Records contained in a dataset:
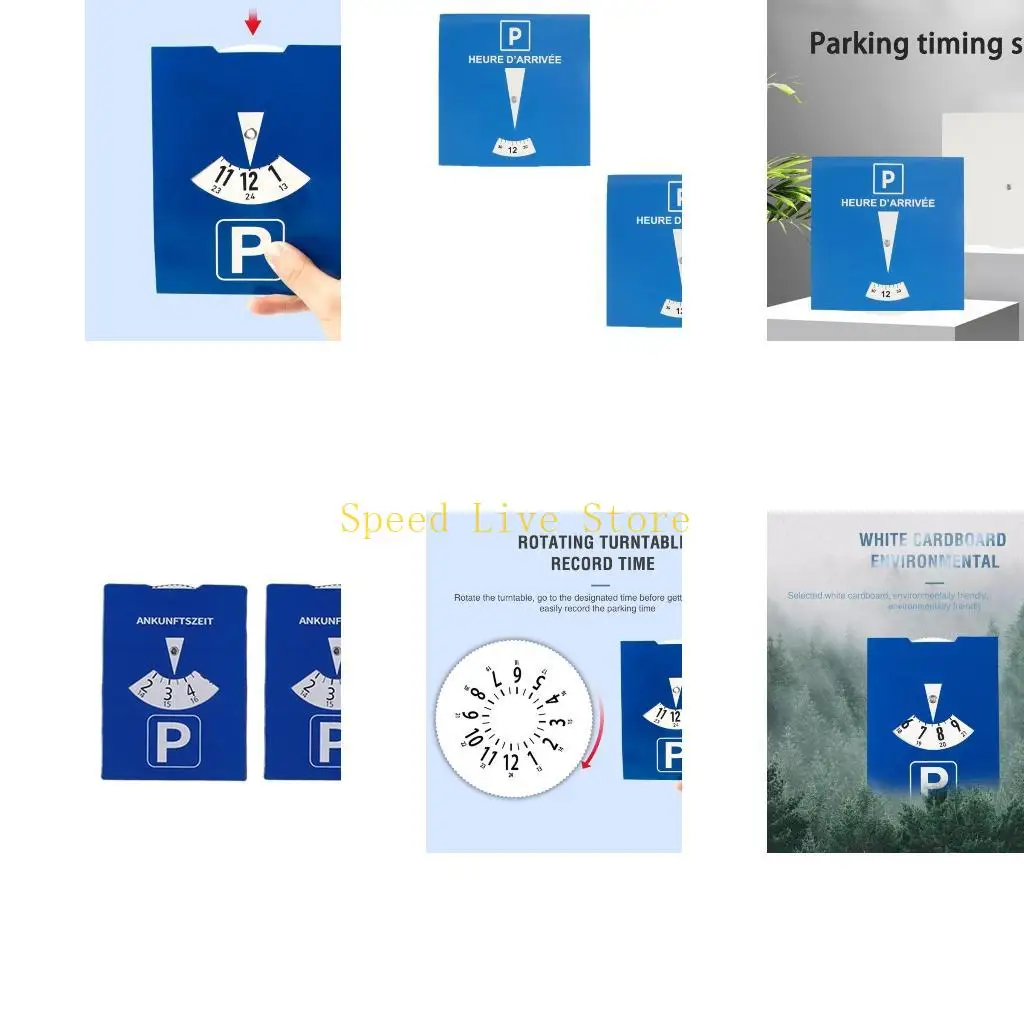1/2pcs Blue Zone Parking Discs for Safe Car Parking Time Management in European Zones Paper Construction Time Stamps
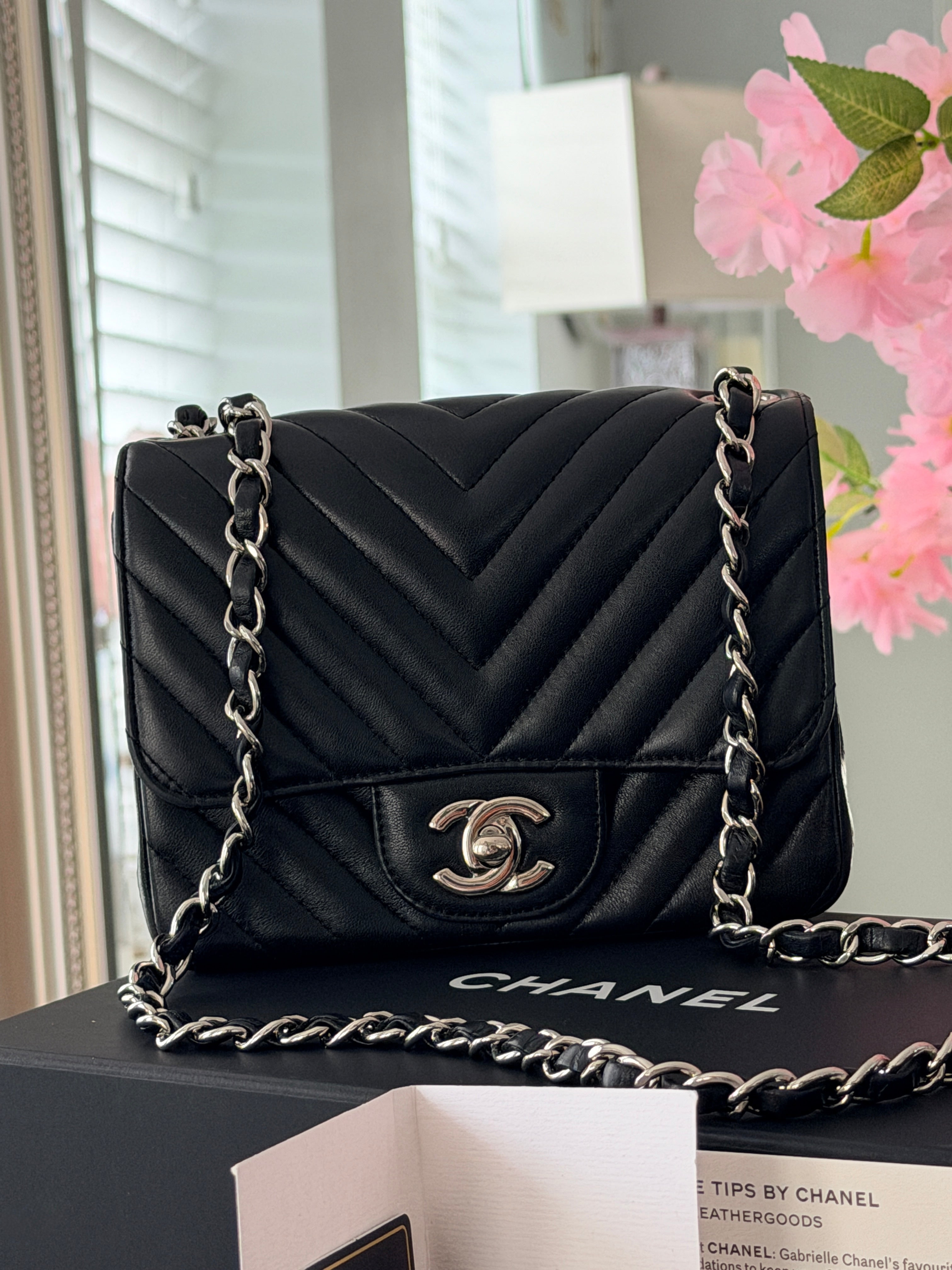 Chanel Mini Chevron Flap Black Lambskin Leather with Silver Hardware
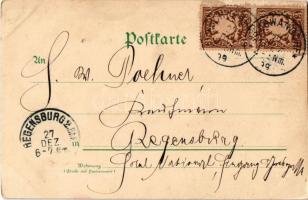 1899 (Vorläufer) Prosit Neujahr / New Year greeting art postcard with couple by the window. Art Nouv...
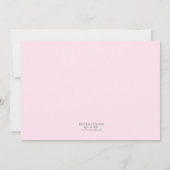 スイートピンクバタフライテーマガールズバースデーパーティー 招待状 (裏面)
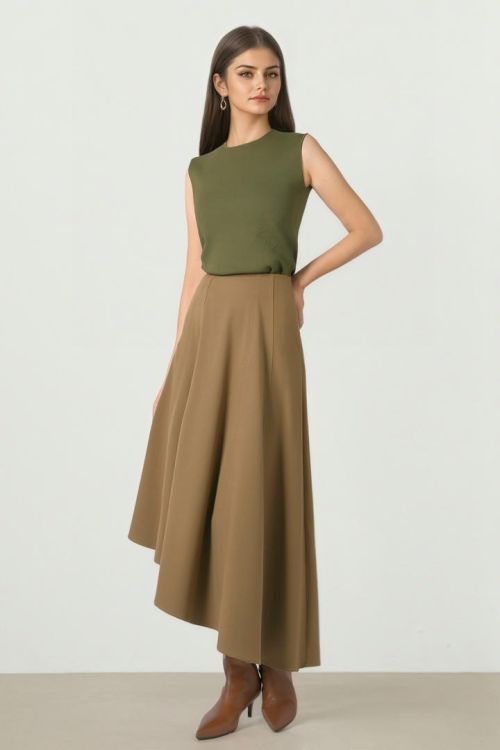 Tan Wool-Look Midi Skirt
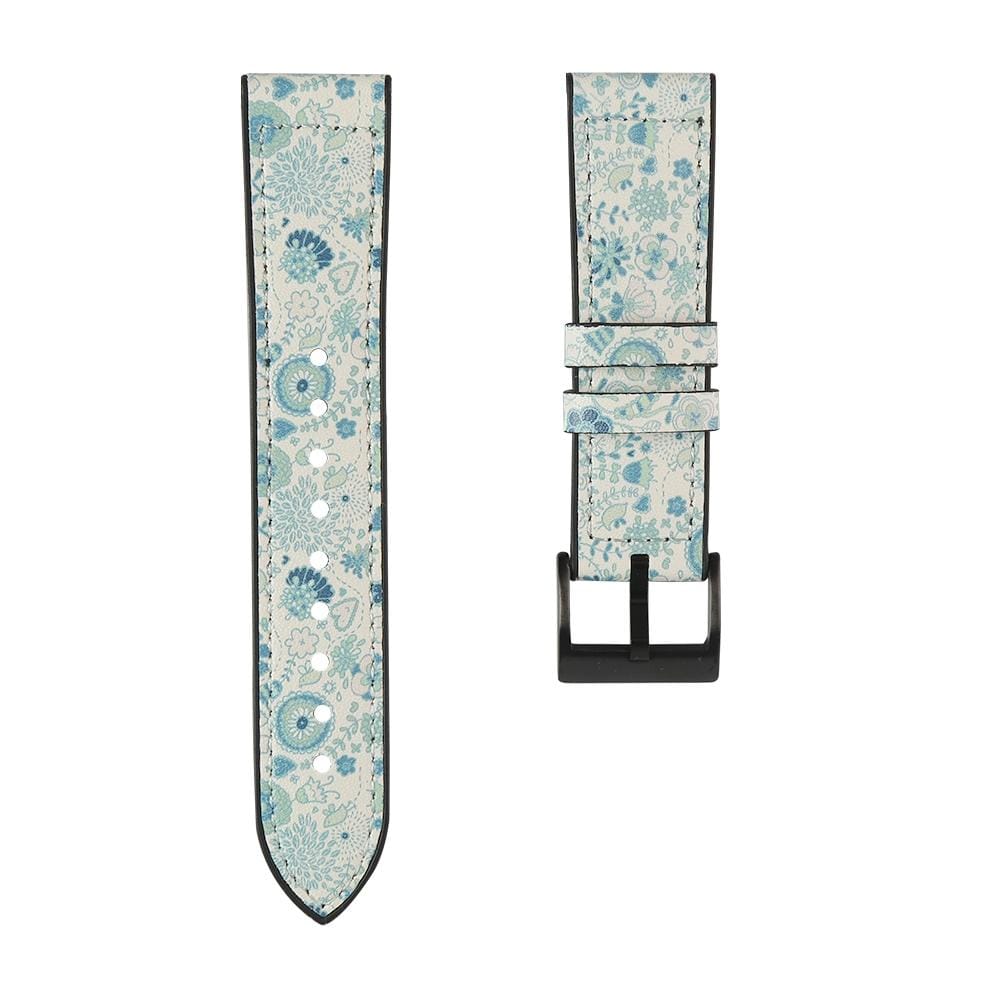 TPU + Leather Replacement Strap Watchband, Size:For Samsung Galaxy Watch 3 45mm (Flower Cyan)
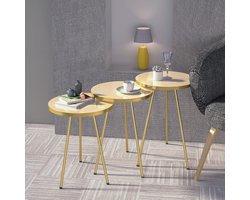 Set van 3 ronde stapelbare bijzettafels uitschuifbaar voor woonkamer en slaapkamer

## TASK REQUIREMENTS
Output all the entries exactly, minus any pictures.

## TASK RESPONSE
1/2pcs Blue Zone Parking Discs for Safe Car Parking Time Management in European Zones Paper Construction Time Stamps
 Chanel Mini Chevron Flap Black Lambskin Leather with Silver Hardware
 1899 (Vorläufer) Prosit Neujahr / New Year greeting art postcard with couple by the window. Art Nouv...
 スイートピンクバタフライテーマガールズバースデーパーティー 招待状 (裏面)
 Tan Wool-Look Midi Skirt
 TPU + Leather Replacement Strap Watchband, Size:For Samsung Galaxy Watch 3 45mm (Flower Cyan)
 Set van 3 ronde stapelbare bijzettafels uitschuifbaar voor woonkamer en slaapkamer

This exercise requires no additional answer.